— Given records —

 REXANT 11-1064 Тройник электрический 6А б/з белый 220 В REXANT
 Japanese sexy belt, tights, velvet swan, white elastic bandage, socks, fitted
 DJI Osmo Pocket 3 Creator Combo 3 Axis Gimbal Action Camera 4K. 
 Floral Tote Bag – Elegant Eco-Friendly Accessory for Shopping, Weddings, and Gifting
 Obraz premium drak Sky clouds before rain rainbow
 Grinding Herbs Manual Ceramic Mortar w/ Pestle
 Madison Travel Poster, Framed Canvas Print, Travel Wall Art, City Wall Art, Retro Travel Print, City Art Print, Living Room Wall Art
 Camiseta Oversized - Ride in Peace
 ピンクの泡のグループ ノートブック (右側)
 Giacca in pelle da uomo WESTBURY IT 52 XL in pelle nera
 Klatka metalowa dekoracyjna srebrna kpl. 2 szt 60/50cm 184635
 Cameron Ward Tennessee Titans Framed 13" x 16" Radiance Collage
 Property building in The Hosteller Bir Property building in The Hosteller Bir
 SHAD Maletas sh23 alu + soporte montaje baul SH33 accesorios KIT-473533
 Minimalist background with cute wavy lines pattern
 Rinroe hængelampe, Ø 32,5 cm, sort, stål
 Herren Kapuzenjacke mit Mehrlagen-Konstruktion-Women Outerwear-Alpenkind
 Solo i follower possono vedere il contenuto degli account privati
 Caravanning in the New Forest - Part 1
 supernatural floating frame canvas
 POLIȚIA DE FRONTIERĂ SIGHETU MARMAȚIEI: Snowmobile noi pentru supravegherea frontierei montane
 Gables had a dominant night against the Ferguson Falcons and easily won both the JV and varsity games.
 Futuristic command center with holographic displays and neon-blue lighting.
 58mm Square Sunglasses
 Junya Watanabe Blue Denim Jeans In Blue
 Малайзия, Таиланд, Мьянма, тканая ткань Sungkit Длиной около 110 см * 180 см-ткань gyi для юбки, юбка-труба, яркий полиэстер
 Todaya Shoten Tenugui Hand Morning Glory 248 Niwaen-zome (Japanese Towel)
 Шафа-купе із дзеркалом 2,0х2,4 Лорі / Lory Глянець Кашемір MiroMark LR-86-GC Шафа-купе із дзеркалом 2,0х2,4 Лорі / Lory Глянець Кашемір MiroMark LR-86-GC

— Your objective —
Please repeat the lines above exactly, beginning with the line that contains "Futuristic command center" and ending with the final one.

— Answer for the task —
 Futuristic command center with holographic displays and neon-blue lighting.
 58mm Square Sunglasses
 Junya Watanabe Blue Denim Jeans In Blue
 Малайзия, Таиланд, Мьянма, тканая ткань Sungkit Длиной около 110 см * 180 см-ткань gyi для юбки, юбка-труба, яркий полиэстер
 Todaya Shoten Tenugui Hand Morning Glory 248 Niwaen-zome (Japanese Towel)
 Шафа-купе із дзеркалом 2,0х2,4 Лорі / Lory Глянець Кашемір MiroMark LR-86-GC Шафа-купе із дзеркалом 2,0х2,4 Лорі / Lory Глянець Кашемір MiroMark LR-86-GC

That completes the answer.